Speaking at the International Conference on Certification & Capacity Building in Financial Markets at the NISM Campus at Patalganga in Navi Mumbai, UK Sinha, Chairman, SEBI, said: “The SEBI team is already working to bring the timeline down to T+4 days.”

Sinha said the National Institute of Securities Markets (NISM) would focus on research using the data resting in the SEBI system and the stock exchanges.

“Stock exchanges and the entire SEBI system have a lot of data which is relevant and unique to our country. Based on this data, a very high quality of advanced research is required.
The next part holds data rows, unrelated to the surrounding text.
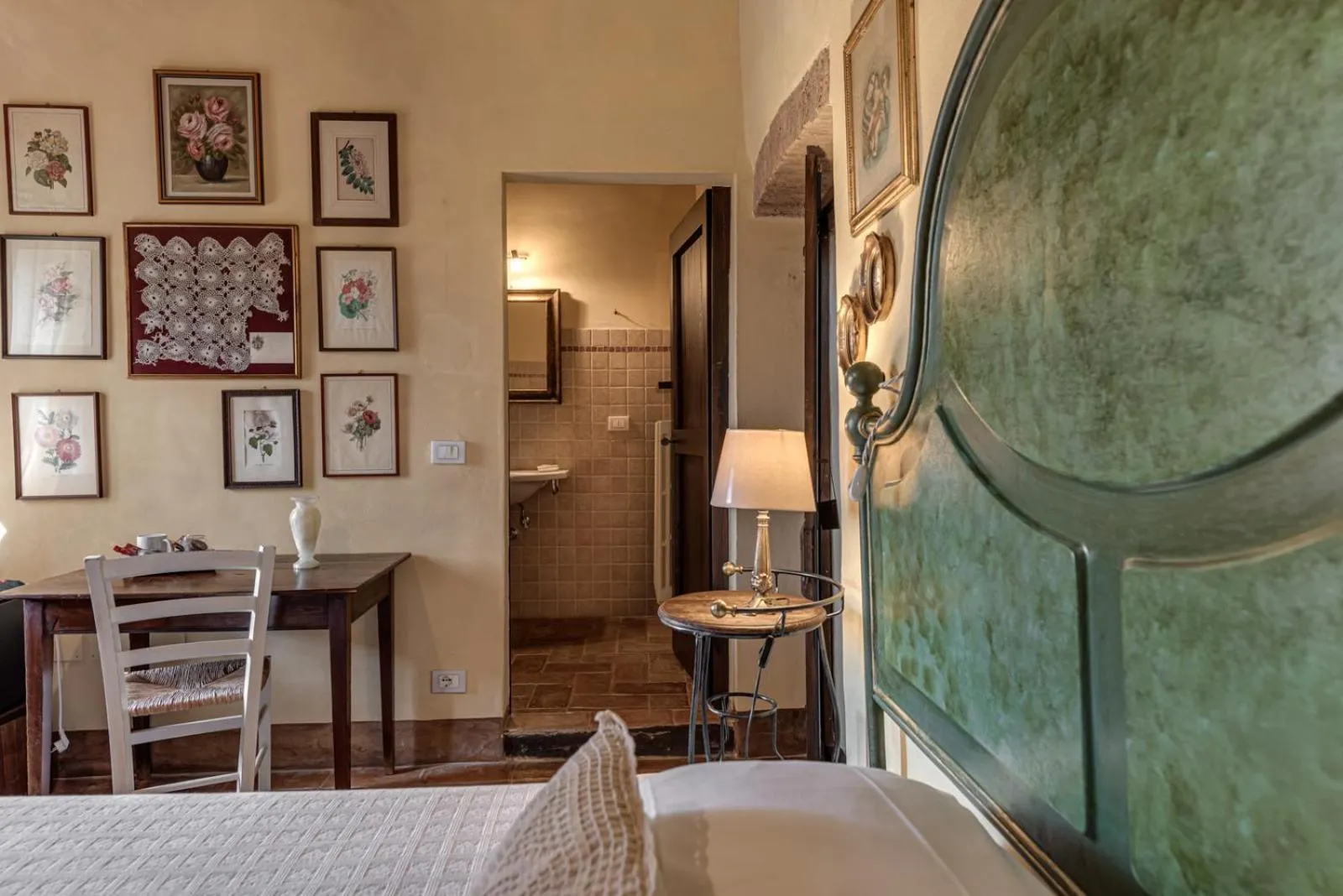 Bedroom, Bed in Convento San Bartolomeo - Piscina Esterna Riscaldata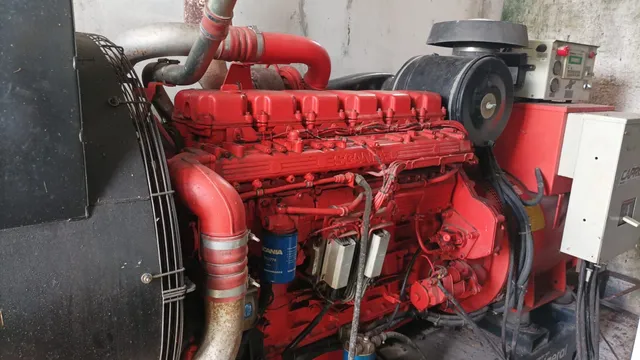 GERADOR DE ENERGIA 500 KVA/ ANO 2007/HRS DE USO 350/ C/ (Q.T.A)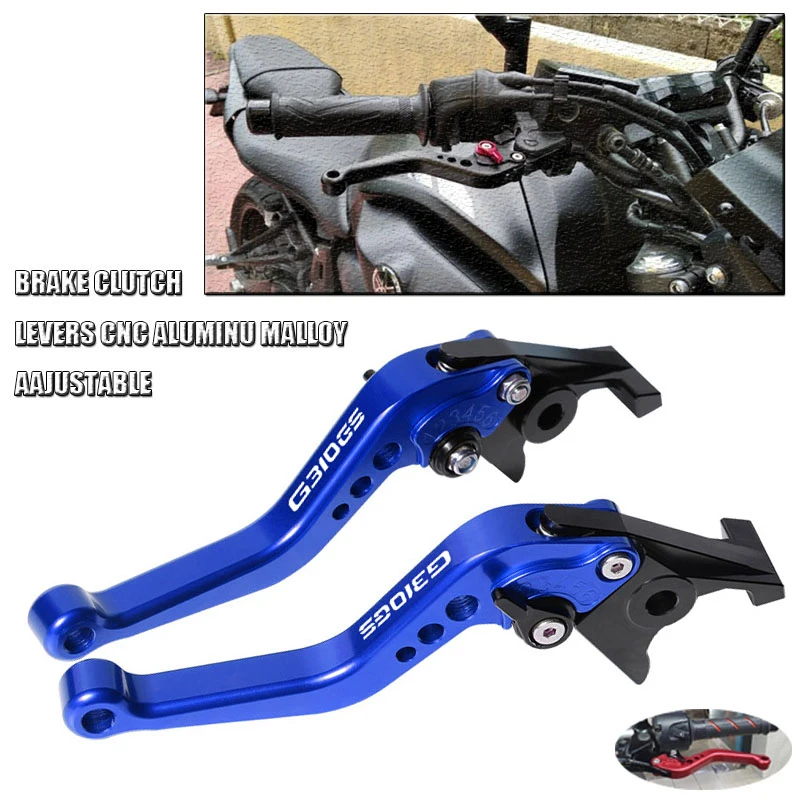 For G310GS G 310GS G310 GS 2021-2023 Motorcycle Adjustable CNC Brake Clutch Levers Handles Lever
For G310GS G 310GS G310 GS 2021-2023 Motorcycle Adjustable CNC Brake Clutch Levers Handles Lever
And one of the mandates of NISM is to develop the research capability,” Sinha said.

‘Fit & proper’ dictum

The SEBI Chairman was inaugurating the certification course offered by NISM in conjunction with global analytics and research firm Moody’s Analytics.

Speaking on the sidelines of the event, Sinha said SEBI had entrusted depositories with the responsibility of identifying ‘fit and proper’ investors in stock exchanges. According to SEBI norms, only ‘fit and proper’ investors are allowed to buy shares of stock exchanges. Both the BSE and the NSE are at various stages of bringing their initial public offerings to the market.

P-Notes

Sinha, however, observed that though it was impossible to ascertain the ‘fit and proper’ criteria for those who held only a few shares in an exchange, SEBI would not hesitate to investigate if it received any complaint or input in this regard even if the person held only one share.

On Participatory Notes being a potential source of black money, Sinha observed: “The special investigation team (SIT) is constantly monitoring P-Note data and is not very comfortable with the current process of its issue and administration. Further tightening of norms governing P-Notes could happen to address the concerns of the SIT.”

The SIT, which was appointed by the Supreme Court, in its report last year had observed that P-Notes were one of the many possible sources of black money.

P-Note is a financial derivative issued by FIIs to clients who wish to invest in India without directly transacting in Indian markets.